I was wearing my powder-blue suit, with dark blue shirt, tie and display handkerchief, black brogues, black wool socks with dark blue clocks on them. I was neat, clean, shaved and sober, and I didn’t care who knew it. I was everything the well-dressed private detective ought to be. I was calling on four million dollars.
Meet Philip Marlowe, the private detective who stars in Raymond Chandler’s The Big Sleep. Oil millionaire General Sternwood is being blackmailed, and he has hired Marlowe to deal with the situation. While looking into it Marlowe stumbles across a high-class pornography ring, a kidnapping and several murders. What’s more, he has to deal with General Sternwoods wild daughters along the way. Over it all hangs the name of Rusty Regan, an ex-bootlegger who was once married to one of the General Sternwood’s daughters, but who mysteriously vanished one day.

Philip Marlowe is a tough and determined P.I. (or “shamus,” as detectives are called in the novel), with a strong sense of justice. Even after he has completed his assignment, he refuses to accept payment until he has tied up all the loose ends. Unlike other Noir detectives, he doesn’t take advantage of women. When Vivian Regan tries to seduce him he tells her: “The first time we met I told you I was a detective. Get it through your lovely head. I work at it, lady. I don’t play at it.” His rejection of women seems almost psychotic at times. When Vivian’s sister, Carmen, turns up naked in his bed (she spends quite a lot of the book naked), he kicks her out and rips his bed to pieces in disgust. At one point he even says, “women make me sick.”

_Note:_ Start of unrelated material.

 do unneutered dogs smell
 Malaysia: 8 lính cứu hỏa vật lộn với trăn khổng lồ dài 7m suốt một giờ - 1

Raymond Chandler had a macho streak to him, and this gave him a somewhat conflicted view of writing. On the one hand, he considered his writing to be art, but on the other hand, he considered that viewpoint to be a bit wussy. At one point he even claimed writing should be left to women. Chandler was also a bit of a homophobe, so he was suspicious of favourable criticism of his work, because he thought literary critics were all gay.

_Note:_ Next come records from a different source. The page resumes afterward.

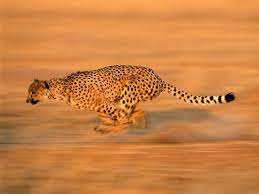 Cheetah Fastest Land Speed Of Any Living Animal Between 112 120 Km H 70 75 Mph Cheetah Pictures Animals Big Cats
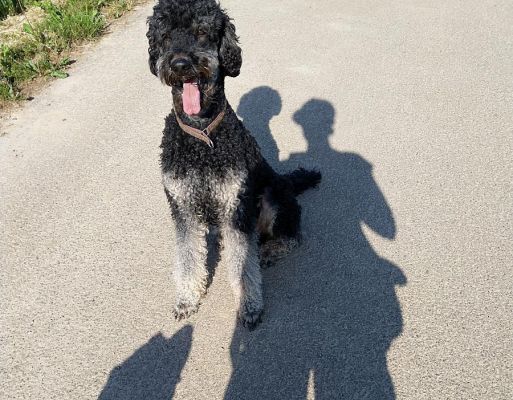 Foto: Ein Asphaltweg an einem Sonnentag. Ein Großpudel sitzt auf dem Weg und schaut in die Kamera. Auf dem Weg sehen wir den Schatten eines Labradors, der scheinbar mit der Nase eine Pudelpfote berührt und den Schatten eines Menschen  neben dem Pudel-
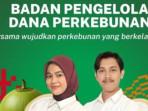 Rekrutmen-Badan-Pengelola-Dana-Perkebunan-Kelapa-Sawit-BPDPKS.jpg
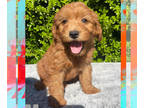 Goldendoodle (Miniature) PUPPY FOR SALE ADN-778977 - F1 mini golden doodles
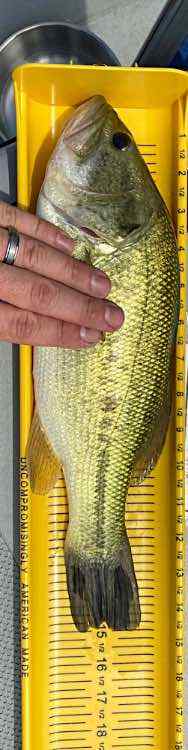IMG_2024-05-25-170716.jpeg.78bd17df48c25d8d7922a6a58d890213.jpeg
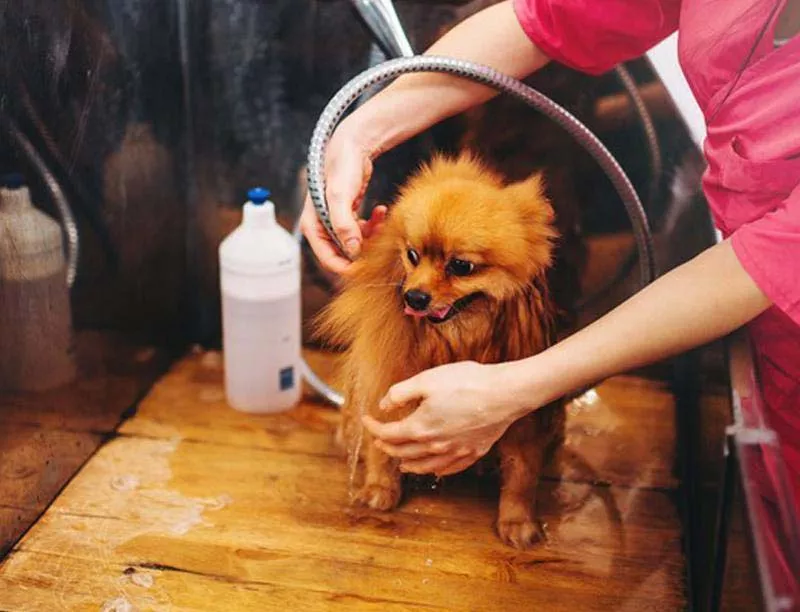 Photo : Toutou d’Enfer, Animaux - Toilettage à Morialmé Florennes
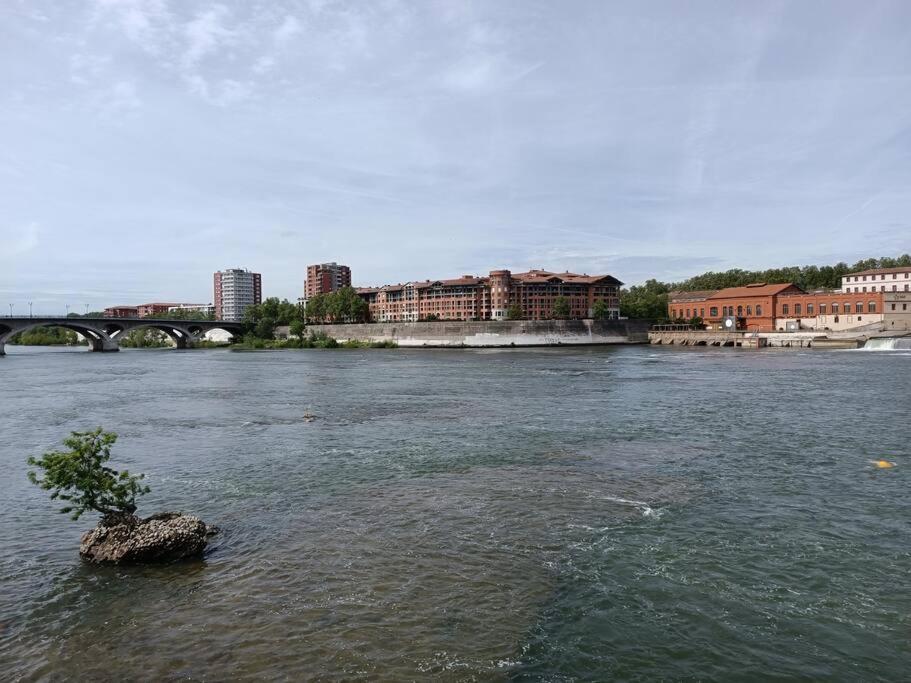 Apartment T3 Lumineux - Berges De La Garonne - Parking Toulouse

Raymond Chandler grew up in England, and only moved to the U.S. later in life. This gave his writing a unique style. Frederic Jameson describes it as: “collages of heterogeneous material, of odd linguistic scraps, figures of speech, colloquialisms, place names and local sayings, all laboriously pasted together in an illusion of continuous discourse.” Chandler himself says:
I had to learn American just like a foreign language. To use it I had to study it and analyze it. As a result, when I use slang, colloquialisms, snide talk or any kind of off-beat language I do it deliberately. The literary use of slang is a study in itself. I’ve found that there are only two kinds that are any good: slang that has established itself in the language, and slang that you make up yourself. Everything else is apt to be passé before it gets into print…
Indeed, Chandler made up the term “the big sleep” as a synonym for death.

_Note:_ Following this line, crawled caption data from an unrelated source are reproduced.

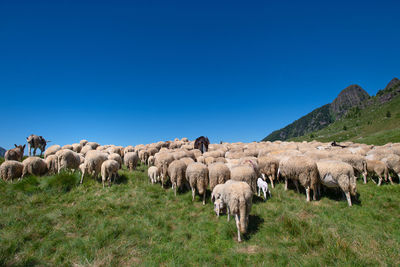 View of sheep on field against sky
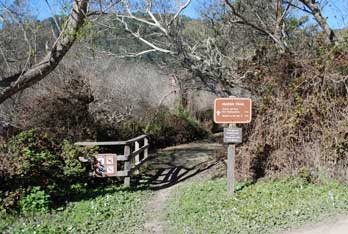 Theodore J. Hoover Natural Preserve Marsh Trail, Santa Cruz County, CA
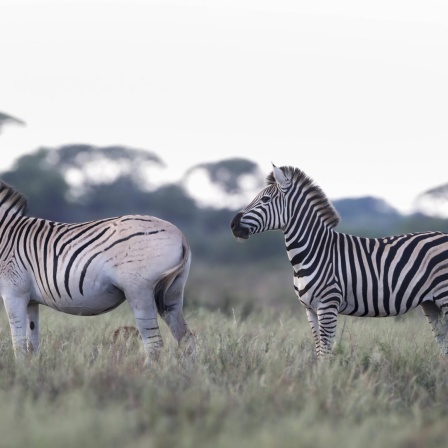 Ein Zebra mit blassem, ungestreiftem Hinterteil steht  in der Savanne vor einem klassisch gestreiften Artgenossen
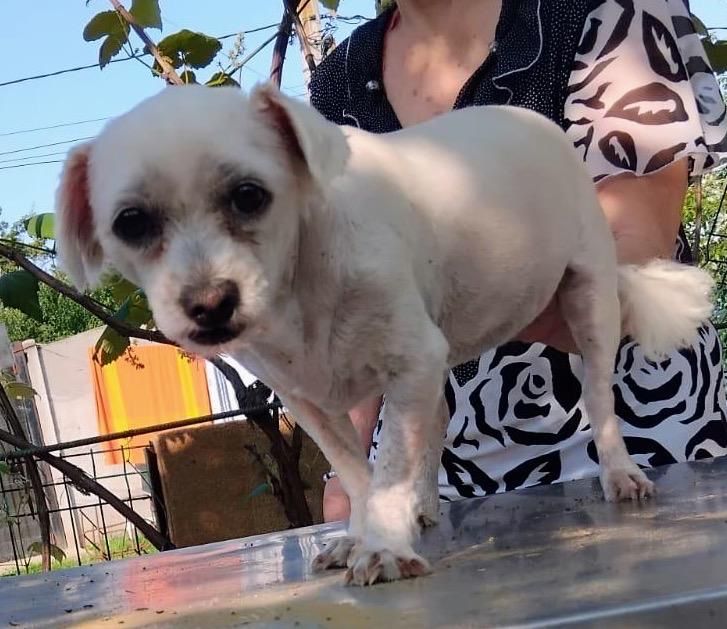 Metisi Bichon spre adoptie, gratuit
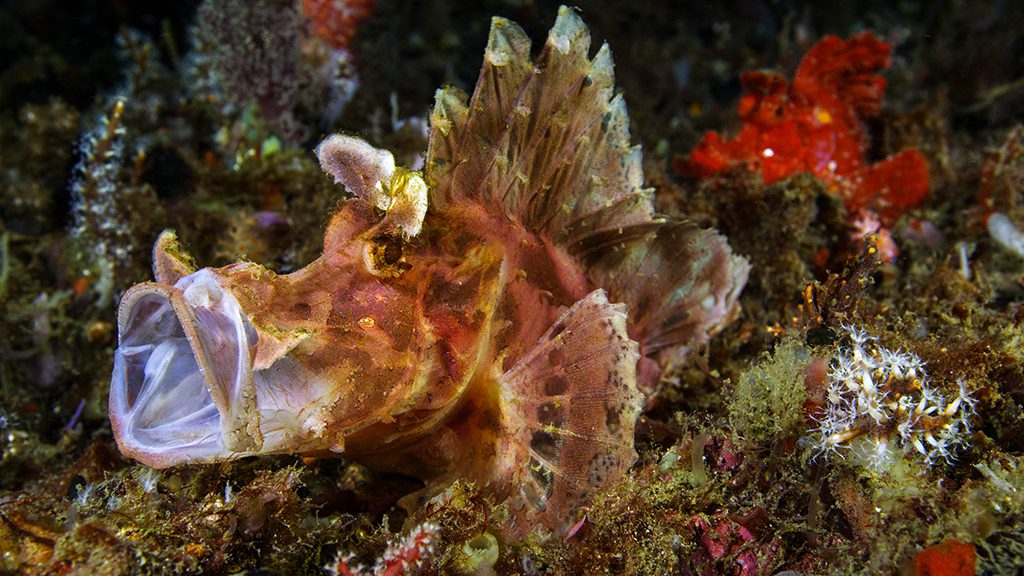 25 nad lembeh resort north sulawesi indonesia rhinopia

Throughout the book Chandler uses exaggerated comparisons and overblown metaphors, like, “She was in oyster-white lounging pajamas trimmed with white fur, cut as flowingly as a summer sea frothing on the beach of some small and exclusive island.” Or: “The General spoke again, slowly, using his strength like an out-of-work show-girl uses her last good pair of stockings.” Because of the genre, these devices do not seem awkward or out-of-place. They have the same kind of appropriate-innappropriateness of Tom Waits lyrics, and Chandler’s writing is superior to Hammett’s and Cain’s.